The term "microfibrillated cellulose" or "MFC", as used herein, unless indicated otherwise, refers to water-insoluble cellulose microfibrils, more particularly to water- insoluble cellulose microfibrils having a length L and a mean diameter D, wherein the ratio L/D is at least 30 and D is in the range of 1-50 nm. These cellulose microfibrils are no longer meshed into a cell wall polysaccharide matrix as a result of a defibrillation treatment, e.g. high pressure homogenization.

The term "oil" as used herein refers to glycerides selected from triglycerides, diglycerides, monoglycerides, phosphoglycerides and combinations thereof. The oil can be liquid, solid or semi-solid at ambient temperature (20°C).

The term "diameter" as used herein in relation to a particle, unless indicated otherwise, refers to the average equivalent spherical diameter of said particle. Likewise, unless indicated otherwise, the term "diameter" as used herein in relation to a microfibril, refers to the average diameter of said microfibril.

The particle size distribution of the instant food product or of particulate ingredients present in the instant food product can be determined, for instance, by means of laser diffraction. Care should be taken that loose aggregates of particles are dissociated before the particle size measurements.

The particulate instant food product of the present invention preferably comprises at least 70 wt.%, more preferably at least 80 wt.% and most preferably at least 90 wt.% of particles having a diameter in the range of 10-10,000 μηη.

The food product typically contains at least 1 wt.% of the texturizing particles having a diameter in the range of 2-2,000 micrometer, more preferably at least 1 wt.% of the texturizing particles having a diameter in the range of 10-1 ,000 micrometer.

Besides the texturizing particles the instant food product contains one or more other particulate ingredients.
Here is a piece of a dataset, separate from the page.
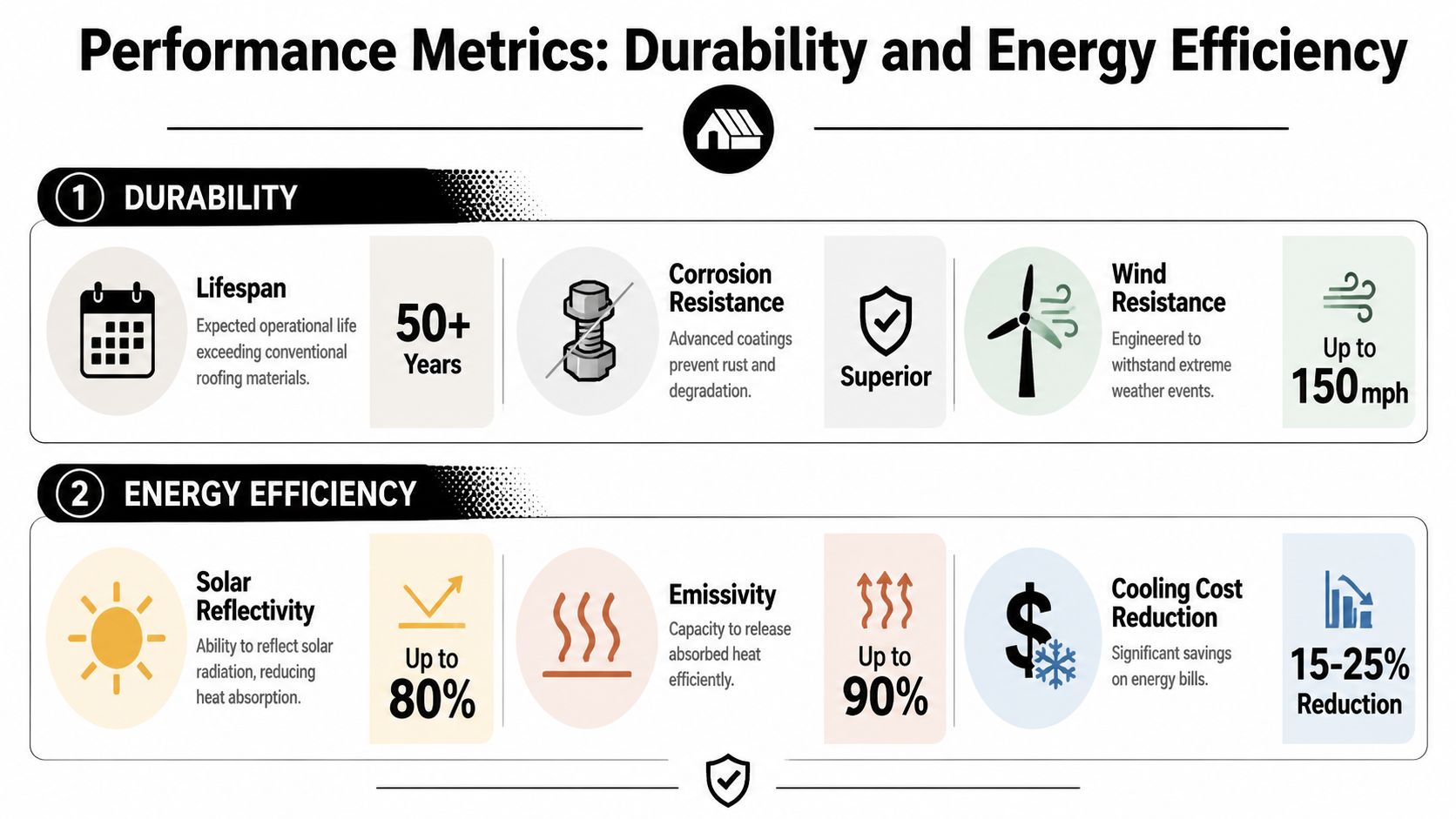 An infographic detailing the durability and energy efficiency metrics of painted metal roofing for building construction.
Examples of such particulate ingredients include particles that contain dry plant material, dry meat, salt (e.g. NaCI, KCI and monosodium glutamate), sugar (e.g. sucrose, lactose, glucose, fructose) hydrolysed protein, yeast extract, thickener, gelling agent, flavouring and combinations thereof.

The water content of the instant food product preferably does not exceed 15 wt.%, more preferably it does not exceed 12 wt.%, even more preferably it does not exceed 8 wt.%, most preferably it does not exceed 6 wt.%.
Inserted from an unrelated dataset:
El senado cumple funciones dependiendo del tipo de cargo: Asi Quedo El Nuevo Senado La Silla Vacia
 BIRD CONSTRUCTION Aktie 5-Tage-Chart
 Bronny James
The instant food product of the present invention preferably is a savoury food product. Typically, the food product contains 3-50 wt.%, more preferably 5-40 wt.% and most preferably 8-30 wt.% of salt selected from sodium chloride, potassium chloride and combinations thereof.

According to a particularly preferred embodiment the instant food product is selected from instant soup, instant sauce, instant gravy and instant bouillon. The instant food product of the present invention preferably is a packaged food product. The instant food product may suitably be packaged in, for instance, a sachet or a container. The MFC that is contained in the food product typically comprises at least 80 wt.% of cellulose microfibrils having a length L and a mean diameter D, wherein the ratio L/D is at least 10 and D is in the range of 3-70 nm. The MFC employed in accordance with the present invention preferably originates from parenchymal tissue from fruits, roots, bulbs, tubers, stalks, seeds or combination thereof. More preferably, the MFC originates from fruits.
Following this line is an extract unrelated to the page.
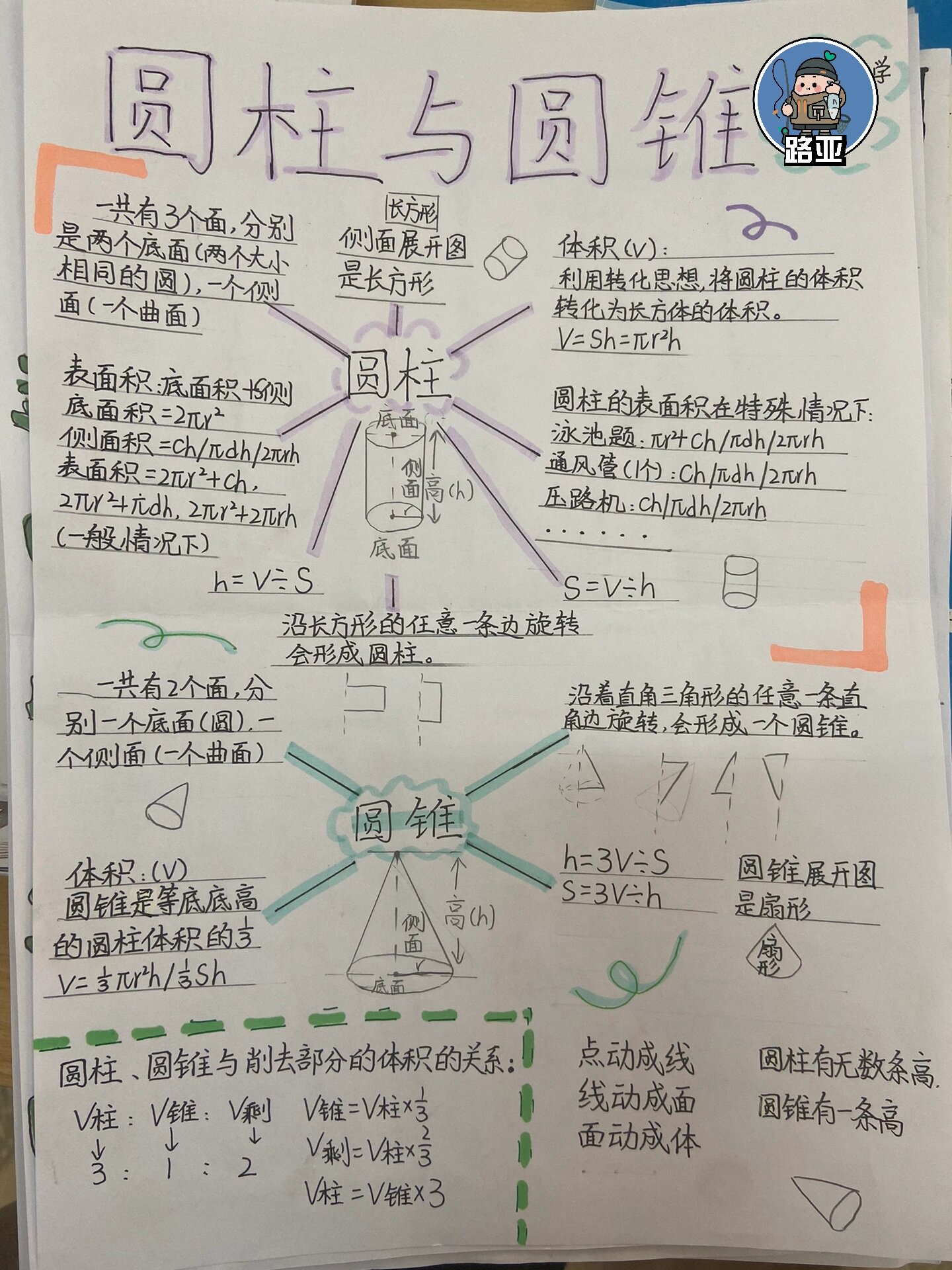 圆柱的认识思维导图图片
Examples of suitable sources for MFC include citrus fruit, tomato fruit, peach fruit, pumpkin fruit, kiwi fruit, apple fruit, mango fruit, sugar beet, sugar cane, beet root, turnip, parsnip, maize, oat, wheat, peas or combinations thereof. More preferably, the MFC originates from citrus fruit, tomato fruit, sugar cane, sugar beet or a combination thereof. Most preferably, the MFC originates from citrus fruit, tomato fruit or a combination thereof.

The MFC in the texturizing particles is typically produced from parenchymal material that besides cellulose contains hemicellulose and pectin. Typically, the texturizing particles contain 0-60 wt.% of hemicellulose and pectin from the same source(s) as the MFC. More preferably, the texturizing particles contain 5-50 wt.%, most preferably 10- 40 wt.% of hemicellulose and pectin from the same source(s) as the MFC.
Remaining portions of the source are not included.